This is Publius Licinius Crassus after the Battle of Vosges. Pastel. A4
I just finished reading Book I of The Commentaries of Gaius Julius Caesar Volume I De bello gallico (Gallic Wars). It begins famously with the line 'All Gaul is divided into three parts..." and includes the opinion that "Of all these (that is, the Gauls), the Belgae are the bravest", something you might already know if you've read the Asterix and Obelix comics - it's what sent Chief Vitalstatistix off the bend in 'Asterix and the Belgians'.
Anyway, Julius Caesar is a wonderful, engaging writer - he is observant and his descriptions, of war, people, places and so on, are interesting with a capital I. The Commentaries were meant to record and publicize his activities, and, of course, further his political ambitions; they worked very well in that regard and still do actually. I was rooting for him all the way - if there was a time machine, I'd go back and save him from the Ides of March tragedy - BUT I did experience a strong sympathy for Ariovistus too. Oh, to come convene as an equal and then get dosed with overweening Roman superiority!
Ariovistus was a German chieftain who had crossed the Rhine into Gaul at the head of his tribe, the Suebi, and an assorted other tribes; they came as mercenaries hired by the Arveni and the Sequani to fight against their enemies the Aedui. The Germans defeated the Aedui, took Aeduan hostages and extracted tribute from the tribe, and ended up settling on lands they seized from the Aedui and later from the Sequani. Ariovistus invited more of his kinsfolk to come settle on these newly accquired lands. An altruistic start to empire building from his view point. A true case of give a camel an inch, according to his erstwhile allies.

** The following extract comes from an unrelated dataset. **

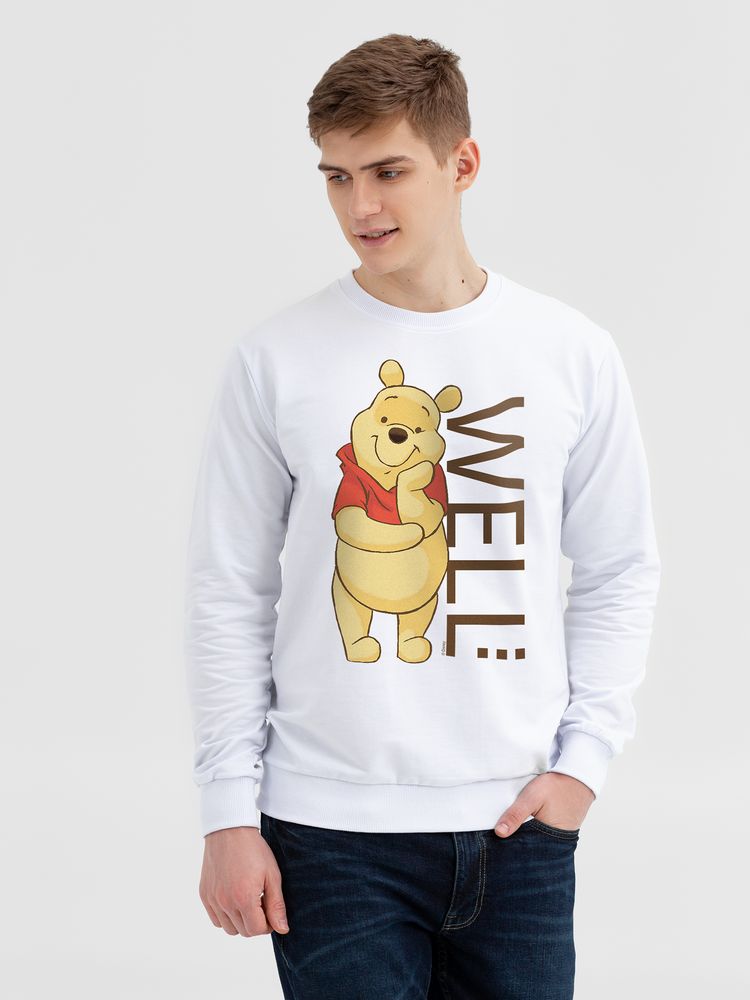 Свитшот Winnie. Well, белый - купить оптом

The Aedui and the Sequani complained to Julius Caesar - in a nice explanatory way - the terrors Ariovistus was inflicting on them was the reason they hadn't been able to assist Caesar adequately in his campaign against the troublesome Helvetii. Caesar pondered over the matter and decided that the rising power of the Suebi wasn't likely to bode well for the Roman people. So he met with Ariovistus and told him to ease up on "the Aedui and the other friends of the Roman people".

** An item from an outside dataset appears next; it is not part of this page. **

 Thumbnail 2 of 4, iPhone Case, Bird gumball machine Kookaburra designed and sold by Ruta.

To this Ariovistus replied, that "the right of war was, that they who had conquered should govern those whom they had conquered, in what manner they pleased; that in that way the Roman people were wont to govern the nations which they had conquered, not according to the dictation of any other, but according to their own discretion. If he for his part did not dictate to the Roman people as to the manner in which they were to exercise their right, he ought not to be obstructed by the Roman people in his right; that the Aedui, inasmuch as they had tried the fortune of war and had engaged in arms and been conquered, had become tributaries to him; that Caesar was doing a great injustice, in that by his arrival he was making his revenues less valuable to him; that he should not restore their hostages to the Aedui, but should not make war wrongfully either upon them or their allies, if they abided by that which had been agreed on, and paid their tribute annually: if they did not continue to do that, the Roman people's name of 'brothers' would avail them naught. As to Caesar's threatening him, that he would not overlook the wrongs of the Aedui, [he said] that no one had ever entered into a contest with him [Ariovistus] without utter ruin to himself. That Caesar might enter the lists when he chose; he would feel what the invincible Germans, well-trained [as they were] beyond all others to arms, who for fourteen years had not been beneath a roof, could achieve by their valor."
This is where I cheered for Ariovistus.
The final battle went against him though. The chap in my illustration, Publius Licinius Crassus, a young lieutenant, led a cavalry charge on his own initiative at a crucial moment in the battle, and the Germans lost heart. They fled towards the Rhine and a good many, including Ariovistus' two wives and two children, were hacked down by the pursuing Roman army. Two Roman envoys that Ariovistus had imprisoned earlier were rescued unharmed, much to Caesar's delight. Ariovistus himself escaped across the river with a portion of the Suebi army, and they were then attacked by other German tribes that had previously assisted them; this was to curry favor with the victorious Romans, of course, and avoid retribution from them. The Suebi fled to the Black Forest to lick their wounds. Caesar doesn't mention what happened to Ariovistus, though he most certainly must have lost his leadership position for having fled the battlefield.